4.8 KiB
Odoo AI Model Trainer
A comprehensive Python project for training AI models on Odoo documentation using Unsloth, optimized for RTX3070 8GB VRAM. The project scrapes both English and Indonesian Odoo documentation and fine-tunes the unsloth/Qwen3-8B-bnb-4bit model.
Features
- 🌐 Bilingual Support: Scrapes both English and Indonesian Odoo documentation
- 🚀 Optimized Training: Uses Unsloth for 2x faster training and 70% less memory
- 🎯 RTX3070 Optimized: Configured for 8GB VRAM with memory-efficient settings
- 📊 Data Pipeline: Complete pipeline from data collection to model training
- 🔧 Modular Design: Separate scripts for scraping, preprocessing, and training
- 📈 Progress Tracking: Built-in statistics and progress monitoring
Requirements
Hardware
- NVIDIA RTX3070 (8GB VRAM) or better
- 16GB+ RAM recommended
- 50GB+ free disk space
Software
- Python 3.8+
- CUDA 11.8+
- PyTorch with CUDA support
Installation
-
Clone or download this project
-
Install dependencies:
pip install -r requirements.txt -
Verify CUDA installation:
python -c "import torch; print(f'CUDA available: {torch.cuda.is_available()}')"
Usage
Full Pipeline (Recommended)
Run the complete training pipeline:
python main.py
Step-by-Step Execution
-
Data Collection Only:
python main.py --only-collection -
Data Preprocessing Only:
python main.py --only-preprocessing -
Model Training Only:
python main.py --only-training
Skip Specific Steps
# Skip data collection if you already have data
python main.py --skip-collection
# Skip preprocessing if you already have training data
python main.py --skip-preprocessing
# Skip training for testing other components
python main.py --skip-training
Individual Scripts
You can also run individual scripts directly:
# Scrape Odoo documentation
python data_scraper.py
# Preprocess the scraped data
python data_preprocessor.py
# Train the model
python train_model.py
Project Structure
.
├── main.py # Main orchestrator script
├── data_scraper.py # Web scraping for Odoo docs
├── data_preprocessor.py # Data cleaning and formatting
├── train_model.py # Model training with Unsloth
├── requirements.txt # Python dependencies
├── README.md # This file
├── odoo_docs_data.csv # Scraped raw data (generated)

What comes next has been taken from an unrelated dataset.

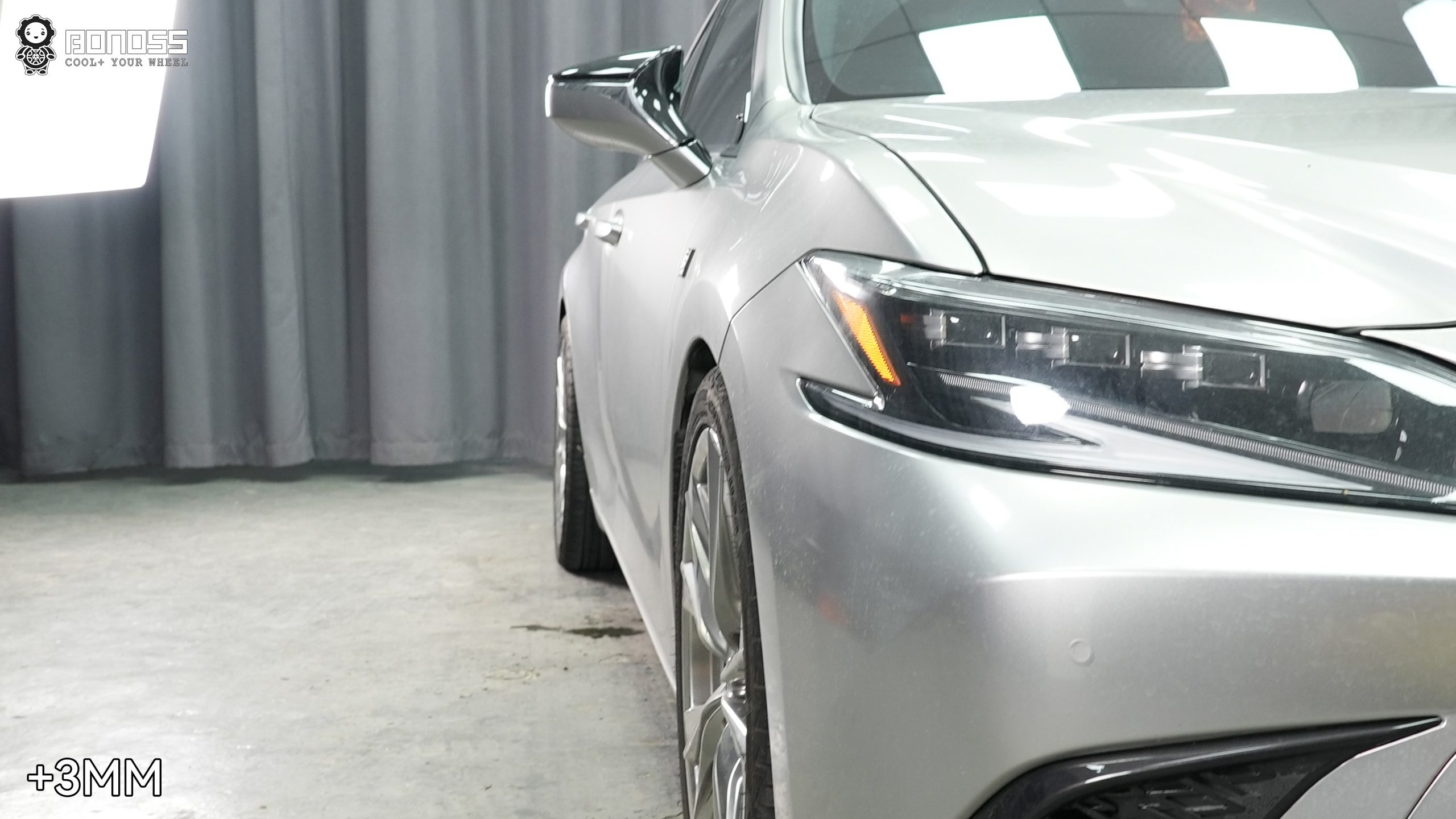 BONOSS Forged Active Cooling 2022 Lexus ES Wheel Spacers Front 3mm Rear 15mm Before and After (3)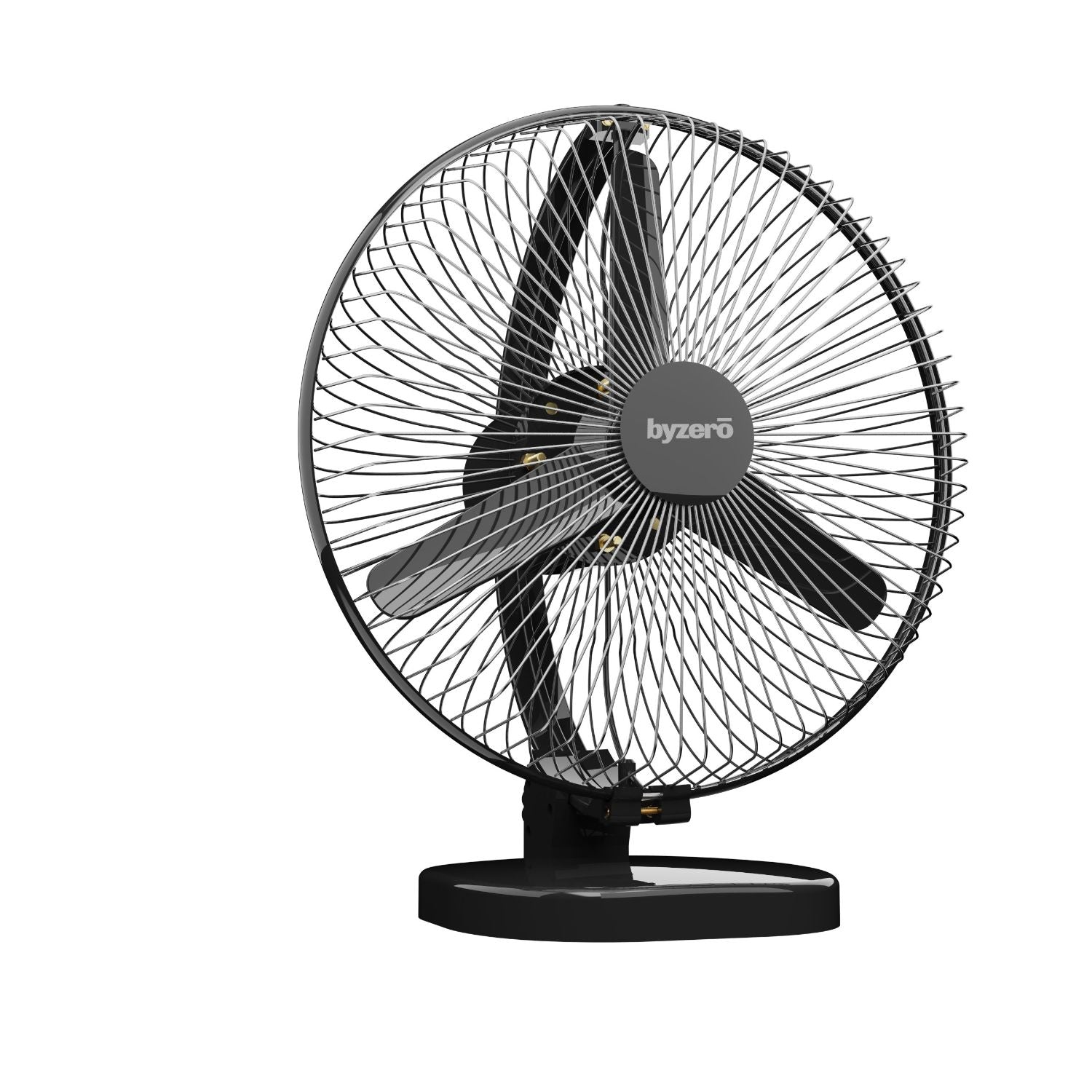 Garo Personal Fan - Chrome Black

├── training_data.json # Processed training data (generated)
└── odoo_model_output/ # Trained model (generated)
Output Files
- odoo_docs_data.csv: Raw scraped documentation
- training_data.json: Processed training data in instruction format
- odoo_model_output/: Directory containing the fine-tuned model
- odoo_model_output_gguf/: GGUF quantized model for deployment
Configuration
Memory Optimization for RTX3070
The training is configured with:
- Batch size: 1 (per device)
- Gradient accumulation: 4 (effective batch size: 4)
- Max sequence length: 2048 tokens
- 4-bit quantization to save VRAM
- Gradient checkpointing enabled
Training Parameters
- Learning rate: 2e-4
- Max steps: 100 (increase for production)
- Warmup steps: 5
- LoRA rank: 16
- LoRA alpha: 16
Troubleshooting
CUDA Out of Memory
If you encounter CUDA OOM errors:
- Reduce batch size in
train_model.py - Increase gradient accumulation steps
- Reduce max sequence length
- Restart your Python session
Data Collection Issues
- Check internet connection
- Odoo website may block rapid requests - the script includes delays
- If Indonesian docs fail, they may be at a different URL
Training Issues
- Ensure CUDA is properly installed
- Check that your GPU drivers are up to date
- Verify PyTorch CUDA compatibility
Model Usage
After training, you can use the model for Odoo-related questions:
from train_model import OdooModelTrainer
trainer = OdooModelTrainer()
trainer.load_model()
# Load your trained model
# trainer.model = ... (load from odoo_model_output)
response = trainer.generate_response("How do I install Odoo?")
print(response)
Performance Notes
- Training Time: ~30-60 minutes for 100 steps on RTX3070
- Memory Usage: ~6-7GB VRAM during training
- Data Size: ~20-50MB of documentation data
- Model Size: ~4-5GB for the fine-tuned model
Contributing
Feel free to submit issues and enhancement requests!
License
This project is open source. Please check individual component licenses for details.
Disclaimer
This project is for educational and research purposes. Ensure compliance with Odoo's terms of service when scraping documentation.